(SOURCE MATERIAL Opens)
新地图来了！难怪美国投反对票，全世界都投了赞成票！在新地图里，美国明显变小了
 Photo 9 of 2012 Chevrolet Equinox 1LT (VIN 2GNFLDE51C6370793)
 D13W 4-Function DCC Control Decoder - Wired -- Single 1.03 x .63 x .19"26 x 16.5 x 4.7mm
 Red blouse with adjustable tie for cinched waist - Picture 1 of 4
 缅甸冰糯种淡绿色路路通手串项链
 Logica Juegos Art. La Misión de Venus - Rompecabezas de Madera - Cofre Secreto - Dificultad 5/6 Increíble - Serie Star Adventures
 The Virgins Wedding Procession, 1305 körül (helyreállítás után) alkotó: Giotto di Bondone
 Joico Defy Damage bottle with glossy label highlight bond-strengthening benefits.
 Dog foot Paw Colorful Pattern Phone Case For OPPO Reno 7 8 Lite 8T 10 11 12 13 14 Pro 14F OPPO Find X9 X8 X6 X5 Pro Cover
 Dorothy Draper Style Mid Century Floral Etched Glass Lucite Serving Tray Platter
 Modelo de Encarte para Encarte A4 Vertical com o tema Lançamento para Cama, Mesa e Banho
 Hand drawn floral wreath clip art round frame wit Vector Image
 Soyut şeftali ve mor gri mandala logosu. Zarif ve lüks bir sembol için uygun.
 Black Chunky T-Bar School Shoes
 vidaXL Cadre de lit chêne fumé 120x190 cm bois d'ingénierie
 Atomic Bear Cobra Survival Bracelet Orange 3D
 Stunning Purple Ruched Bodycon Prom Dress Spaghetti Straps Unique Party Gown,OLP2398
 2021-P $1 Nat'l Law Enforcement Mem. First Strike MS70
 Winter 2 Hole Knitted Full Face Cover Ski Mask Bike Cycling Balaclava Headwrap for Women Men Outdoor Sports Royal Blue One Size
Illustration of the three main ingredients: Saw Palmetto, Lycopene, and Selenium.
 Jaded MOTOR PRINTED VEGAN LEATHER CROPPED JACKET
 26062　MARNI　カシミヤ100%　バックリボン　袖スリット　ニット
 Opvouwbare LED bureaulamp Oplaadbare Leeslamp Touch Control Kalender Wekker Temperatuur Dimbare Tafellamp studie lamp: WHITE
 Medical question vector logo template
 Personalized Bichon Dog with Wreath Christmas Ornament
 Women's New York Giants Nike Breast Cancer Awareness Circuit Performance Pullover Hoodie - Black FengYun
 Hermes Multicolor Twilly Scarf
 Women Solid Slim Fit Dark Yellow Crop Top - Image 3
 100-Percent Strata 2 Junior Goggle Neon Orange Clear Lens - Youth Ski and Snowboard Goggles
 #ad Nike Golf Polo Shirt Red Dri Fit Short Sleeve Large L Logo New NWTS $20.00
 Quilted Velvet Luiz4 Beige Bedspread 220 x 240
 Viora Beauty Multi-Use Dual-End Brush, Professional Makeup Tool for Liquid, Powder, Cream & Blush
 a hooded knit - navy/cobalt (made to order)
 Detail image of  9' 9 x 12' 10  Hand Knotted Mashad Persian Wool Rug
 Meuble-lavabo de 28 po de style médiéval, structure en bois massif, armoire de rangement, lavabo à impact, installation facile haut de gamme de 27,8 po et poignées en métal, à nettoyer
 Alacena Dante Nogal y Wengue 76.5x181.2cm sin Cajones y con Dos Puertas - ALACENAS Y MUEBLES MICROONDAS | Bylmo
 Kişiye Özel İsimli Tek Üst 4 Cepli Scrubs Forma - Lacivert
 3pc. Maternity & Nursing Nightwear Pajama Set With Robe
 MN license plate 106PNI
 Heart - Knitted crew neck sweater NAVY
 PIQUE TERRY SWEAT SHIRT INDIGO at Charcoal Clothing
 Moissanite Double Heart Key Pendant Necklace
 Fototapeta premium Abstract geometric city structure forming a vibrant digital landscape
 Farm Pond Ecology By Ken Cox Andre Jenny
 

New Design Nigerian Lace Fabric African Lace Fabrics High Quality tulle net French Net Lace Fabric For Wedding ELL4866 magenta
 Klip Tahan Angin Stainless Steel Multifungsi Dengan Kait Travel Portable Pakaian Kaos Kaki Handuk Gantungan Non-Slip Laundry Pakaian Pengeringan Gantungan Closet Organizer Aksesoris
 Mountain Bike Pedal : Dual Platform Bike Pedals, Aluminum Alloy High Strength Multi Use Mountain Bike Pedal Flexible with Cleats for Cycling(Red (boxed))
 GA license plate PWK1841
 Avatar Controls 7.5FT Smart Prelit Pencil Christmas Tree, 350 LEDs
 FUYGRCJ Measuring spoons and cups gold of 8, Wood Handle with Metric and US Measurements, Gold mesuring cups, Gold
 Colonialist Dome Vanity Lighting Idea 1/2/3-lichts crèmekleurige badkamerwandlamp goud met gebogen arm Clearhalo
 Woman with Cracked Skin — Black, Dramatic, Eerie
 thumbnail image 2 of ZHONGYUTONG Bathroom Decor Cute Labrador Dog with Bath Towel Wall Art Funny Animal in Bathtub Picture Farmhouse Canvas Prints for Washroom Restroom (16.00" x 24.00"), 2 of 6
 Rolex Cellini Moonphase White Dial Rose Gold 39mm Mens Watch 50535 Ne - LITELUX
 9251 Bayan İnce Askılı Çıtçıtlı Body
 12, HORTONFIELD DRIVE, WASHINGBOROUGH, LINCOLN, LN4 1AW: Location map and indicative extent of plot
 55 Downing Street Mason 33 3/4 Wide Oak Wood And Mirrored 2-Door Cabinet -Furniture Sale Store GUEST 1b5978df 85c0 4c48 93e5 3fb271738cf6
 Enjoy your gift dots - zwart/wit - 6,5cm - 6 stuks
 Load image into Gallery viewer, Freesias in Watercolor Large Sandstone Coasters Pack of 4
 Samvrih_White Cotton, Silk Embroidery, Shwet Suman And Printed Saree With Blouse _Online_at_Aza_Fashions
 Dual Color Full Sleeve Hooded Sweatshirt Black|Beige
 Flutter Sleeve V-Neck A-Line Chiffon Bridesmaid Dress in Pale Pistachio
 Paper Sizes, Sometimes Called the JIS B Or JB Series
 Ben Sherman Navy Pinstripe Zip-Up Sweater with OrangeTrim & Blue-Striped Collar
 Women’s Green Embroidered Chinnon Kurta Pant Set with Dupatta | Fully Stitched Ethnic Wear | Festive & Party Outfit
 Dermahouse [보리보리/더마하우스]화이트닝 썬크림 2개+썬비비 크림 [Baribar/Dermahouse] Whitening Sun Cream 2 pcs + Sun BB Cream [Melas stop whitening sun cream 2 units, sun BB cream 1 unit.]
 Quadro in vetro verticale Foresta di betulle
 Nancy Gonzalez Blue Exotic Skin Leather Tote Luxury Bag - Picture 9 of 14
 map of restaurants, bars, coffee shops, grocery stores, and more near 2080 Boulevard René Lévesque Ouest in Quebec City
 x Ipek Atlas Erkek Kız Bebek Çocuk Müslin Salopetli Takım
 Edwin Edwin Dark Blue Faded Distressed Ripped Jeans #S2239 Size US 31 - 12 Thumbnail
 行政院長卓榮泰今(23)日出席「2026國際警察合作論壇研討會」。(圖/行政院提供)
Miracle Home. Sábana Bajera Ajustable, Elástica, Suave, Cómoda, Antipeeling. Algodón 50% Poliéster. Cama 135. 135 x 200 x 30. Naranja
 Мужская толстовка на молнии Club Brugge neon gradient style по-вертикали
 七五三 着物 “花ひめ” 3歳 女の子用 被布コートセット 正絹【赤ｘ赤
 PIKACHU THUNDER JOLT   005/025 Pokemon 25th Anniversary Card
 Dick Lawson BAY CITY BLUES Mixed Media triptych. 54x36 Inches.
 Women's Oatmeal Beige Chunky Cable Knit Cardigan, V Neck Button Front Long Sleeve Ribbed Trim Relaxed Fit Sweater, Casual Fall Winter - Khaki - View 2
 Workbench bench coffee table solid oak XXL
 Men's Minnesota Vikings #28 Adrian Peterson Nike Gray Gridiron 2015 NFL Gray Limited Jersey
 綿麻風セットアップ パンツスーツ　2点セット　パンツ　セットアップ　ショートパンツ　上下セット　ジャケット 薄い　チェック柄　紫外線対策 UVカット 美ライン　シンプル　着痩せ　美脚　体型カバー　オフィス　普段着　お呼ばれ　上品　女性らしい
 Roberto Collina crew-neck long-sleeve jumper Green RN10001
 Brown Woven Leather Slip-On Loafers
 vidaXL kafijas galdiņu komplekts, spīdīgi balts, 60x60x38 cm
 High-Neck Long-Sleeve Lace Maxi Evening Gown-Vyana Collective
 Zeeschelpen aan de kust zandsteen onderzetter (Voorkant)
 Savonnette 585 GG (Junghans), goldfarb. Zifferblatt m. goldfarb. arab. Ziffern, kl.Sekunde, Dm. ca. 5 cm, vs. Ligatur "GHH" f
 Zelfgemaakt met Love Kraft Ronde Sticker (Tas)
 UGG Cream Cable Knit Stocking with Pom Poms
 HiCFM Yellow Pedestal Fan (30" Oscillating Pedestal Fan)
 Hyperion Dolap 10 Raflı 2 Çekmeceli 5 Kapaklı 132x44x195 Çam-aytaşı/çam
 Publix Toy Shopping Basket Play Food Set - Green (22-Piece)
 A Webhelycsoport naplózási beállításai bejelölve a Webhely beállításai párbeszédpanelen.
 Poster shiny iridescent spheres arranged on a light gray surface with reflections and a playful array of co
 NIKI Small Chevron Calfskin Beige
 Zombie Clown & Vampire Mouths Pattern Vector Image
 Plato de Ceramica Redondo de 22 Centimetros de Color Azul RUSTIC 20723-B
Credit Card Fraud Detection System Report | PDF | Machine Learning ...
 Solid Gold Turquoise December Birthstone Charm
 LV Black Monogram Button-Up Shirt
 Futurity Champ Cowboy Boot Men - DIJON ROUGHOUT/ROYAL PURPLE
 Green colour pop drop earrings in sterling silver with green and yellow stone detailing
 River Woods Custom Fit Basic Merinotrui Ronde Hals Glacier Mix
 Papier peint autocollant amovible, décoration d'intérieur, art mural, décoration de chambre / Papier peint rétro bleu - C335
(SOURCE MATERIAL Closes)
Of the entries listed above, reproduce only the lines starting at the line containing "女の子用 被布コートセット 正絹【赤ｘ赤" and ending at the line containing "Solid Gold Turquoise". Include both, exactly as they stand.

**RESULT:**
 七五三 着物 “花ひめ” 3歳 女の子用 被布コートセット 正絹【赤ｘ赤
 PIKACHU THUNDER JOLT   005/025 Pokemon 25th Anniversary Card
 Dick Lawson BAY CITY BLUES Mixed Media triptych. 54x36 Inches.
 Women's Oatmeal Beige Chunky Cable Knit Cardigan, V Neck Button Front Long Sleeve Ribbed Trim Relaxed Fit Sweater, Casual Fall Winter - Khaki - View 2
 Workbench bench coffee table solid oak XXL
 Men's Minnesota Vikings #28 Adrian Peterson Nike Gray Gridiron 2015 NFL Gray Limited Jersey
 綿麻風セットアップ パンツスーツ　2点セット　パンツ　セットアップ　ショートパンツ　上下セット　ジャケット 薄い　チェック柄　紫外線対策 UVカット 美ライン　シンプル　着痩せ　美脚　体型カバー　オフィス　普段着　お呼ばれ　上品　女性らしい
 Roberto Collina crew-neck long-sleeve jumper Green RN10001
 Brown Woven Leather Slip-On Loafers
 vidaXL kafijas galdiņu komplekts, spīdīgi balts, 60x60x38 cm
 High-Neck Long-Sleeve Lace Maxi Evening Gown-Vyana Collective
 Zeeschelpen aan de kust zandsteen onderzetter (Voorkant)
 Savonnette 585 GG (Junghans), goldfarb. Zifferblatt m. goldfarb. arab. Ziffern, kl.Sekunde, Dm. ca. 5 cm, vs. Ligatur "GHH" f
 Zelfgemaakt met Love Kraft Ronde Sticker (Tas)
 UGG Cream Cable Knit Stocking with Pom Poms
 HiCFM Yellow Pedestal Fan (30" Oscillating Pedestal Fan)
 Hyperion Dolap 10 Raflı 2 Çekmeceli 5 Kapaklı 132x44x195 Çam-aytaşı/çam
 Publix Toy Shopping Basket Play Food Set - Green (22-Piece)
 A Webhelycsoport naplózási beállításai bejelölve a Webhely beállításai párbeszédpanelen.
 Poster shiny iridescent spheres arranged on a light gray surface with reflections and a playful array of co
 NIKI Small Chevron Calfskin Beige
 Zombie Clown & Vampire Mouths Pattern Vector Image
 Plato de Ceramica Redondo de 22 Centimetros de Color Azul RUSTIC 20723-B
Credit Card Fraud Detection System Report | PDF | Machine Learning ...
 Solid Gold Turquoise December Birthstone Charm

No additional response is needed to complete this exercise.